Sounds such as coughing, sneezing, burping, sniffing, laughing and crying are considered involuntary noises. Involuntary sounds that occur during an interview can be meaningful or meaningless to the analyst. In an example mentioned earlier, sometimes the inclusion of noise (e.g., sniffling) can be misleading. In that example, the belief that the participant was crying was confirmed for the transcriber when the interviewer asked, “Do you need a moment?” and then, “Would you like a tissue?” Yet, when the interviewer reviewed the transcript, he reported that the participant actually had a cold and was not crying. In another example, a transcript captured a participant who laughed a great deal during the interview. Again, only the interviewer was able to explain to the transcriber that the participant was extremely nervous and that this was a nervous laugh. Training interviewers to give cues as to what is happening during the silence is helpful to the transcriber and analyst.

Response Tokens

Like involuntary vocalizations, there are other parts of speech that, while not quite words, are nevertheless language. Using certain mono- or bi-syllabic sounds, can relay both meaning and understanding to the interlocutors. Among the more common of these are Hm, Ok, Ah, Yeah, Um, Uh, and Uh huh/Nuh uh. Unlike involuntary noises, these vocalizations are intentional. There is meaning attached to them that can influence a conversation. Nevertheless, such vocalizations are often neglected as either inconsequential or extraneous. Research has shown, however, that such vocalizations can provide a great deal of insight into both the nature of conversation (i.e., how one converses), but also the informational content of the conversation (Gardner 2001). Among those working in the ethnomethodological tradition of conversation analysis (Heritage 1984; Jefferson 1984; Sacks 1992), these features of speech have been called response tokens. Gardner writes (2001: 3), “Response tokens are difficult to describe, as they lack meaning in the conventional dictionary sense of the word.”

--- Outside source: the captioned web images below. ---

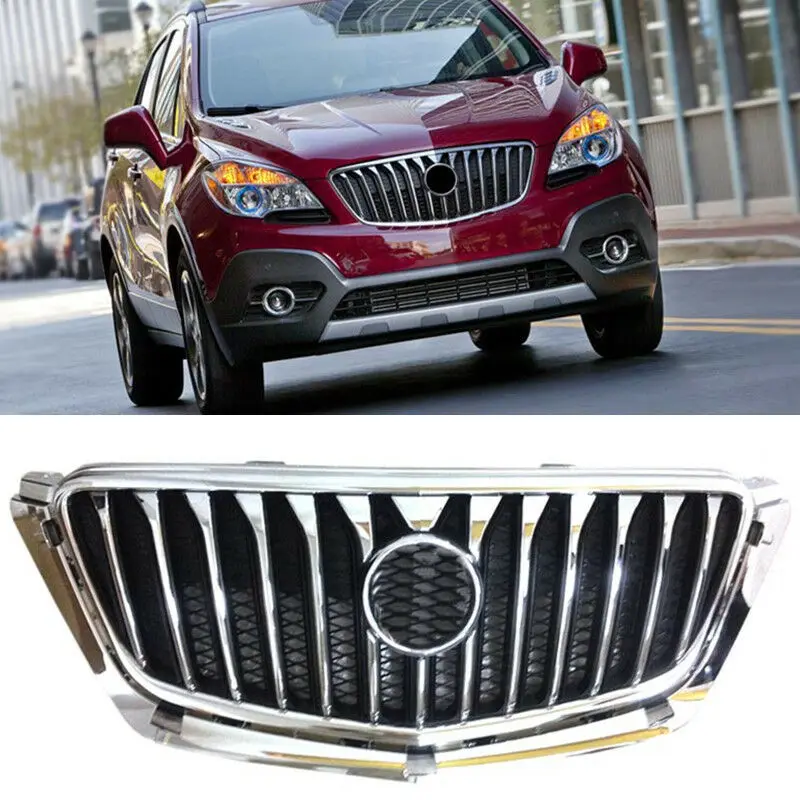 Для Buick Encore 2012- Новая передняя Высококачественная решетка капота хромированная решетка 1 шт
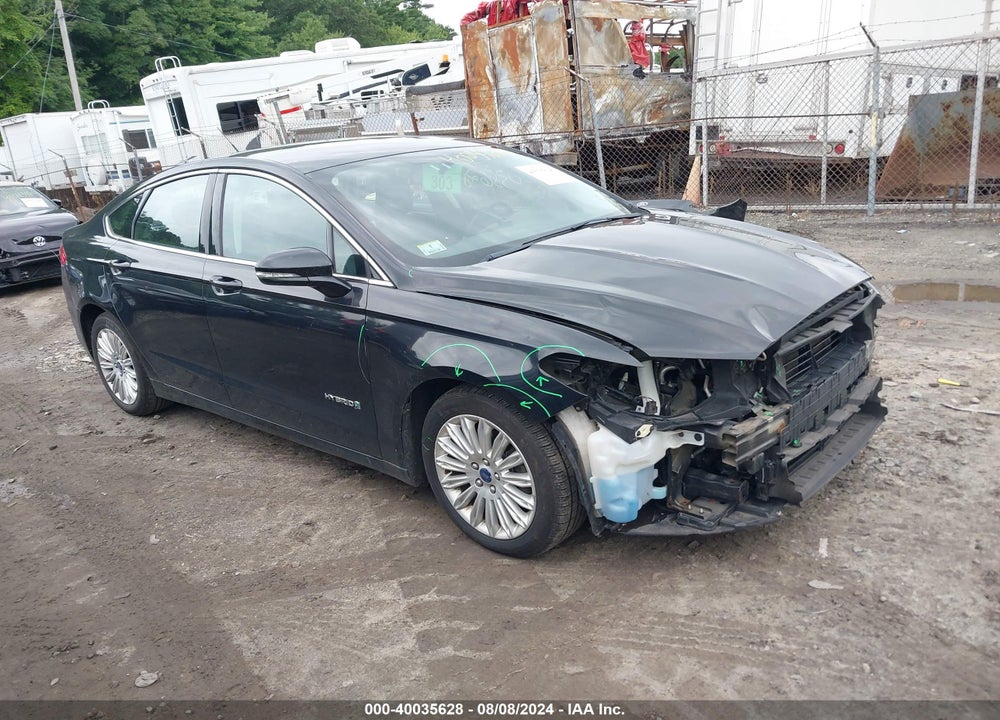 2015 FORD FUSION HYBRID SE VIN: 3FA6P0LUXFR201861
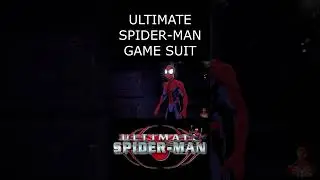 Костюм Человека-паука из игры Ultimate Spider-Man 2 2005 года.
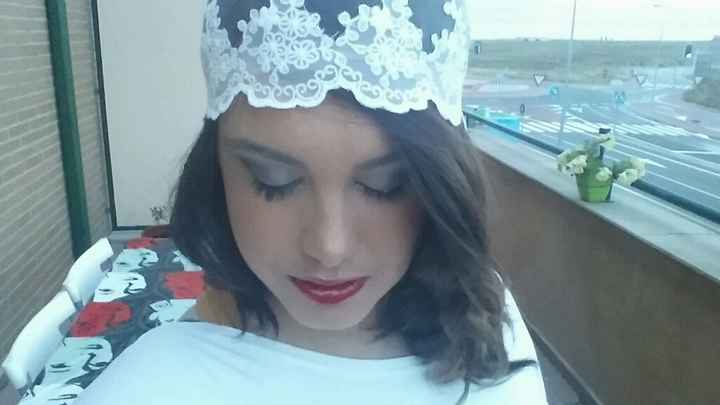 Segunda prueba de maquillaje y peinado - 2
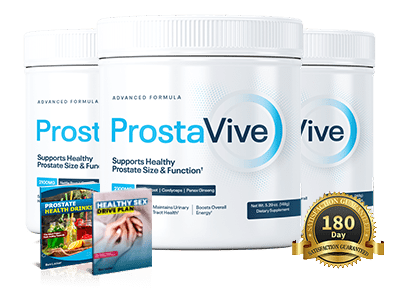 ProstaVive 3 bottles, 90-day supply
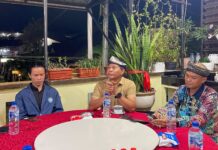 Serap Aspirasi Mahasiswa Gubernur Temui Mahasiswa BEM Se-Kaltara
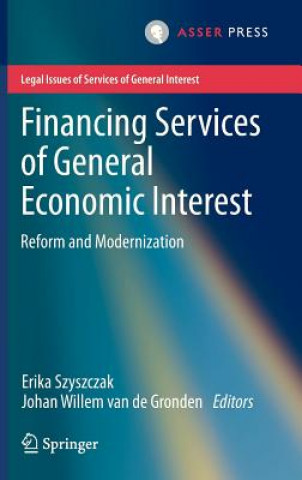 Buch Financing Services of General Economic Interest Erika Szyszczak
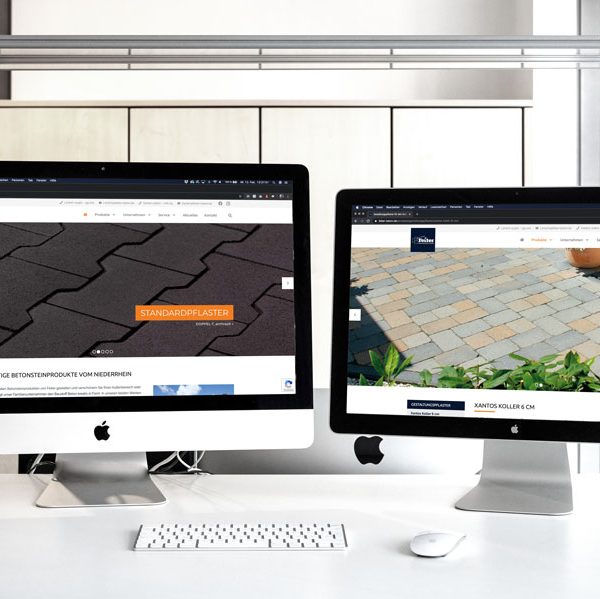 Die fertige Website (© Orths Medien GmbH)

Nevertheless, tokens can capture meaning and emotion. Gardner (2001) offers researchers a typology of response tokens and an indication of their use and intent. Among the most common are three. First, continuers such as Mm hm, or Uh huh are used to note agreement with the speaker and give them back the primary role in the conversation. Second, acknowledgements, such as Mm and Yeah, work to express agreement or understanding between a speaker and a listener. Third are repairs, such as Huh, that ask the speaker to rephrase or repeat an idea or question. In many cases, tokens serve to add more detail and/or emotion to what the speaker is trying to express. A participant used a response token (e.g., Nuh uh to express “no”) in explaining his preferred sexual activities.

Speaker A: So you don’t insert into anybody at all?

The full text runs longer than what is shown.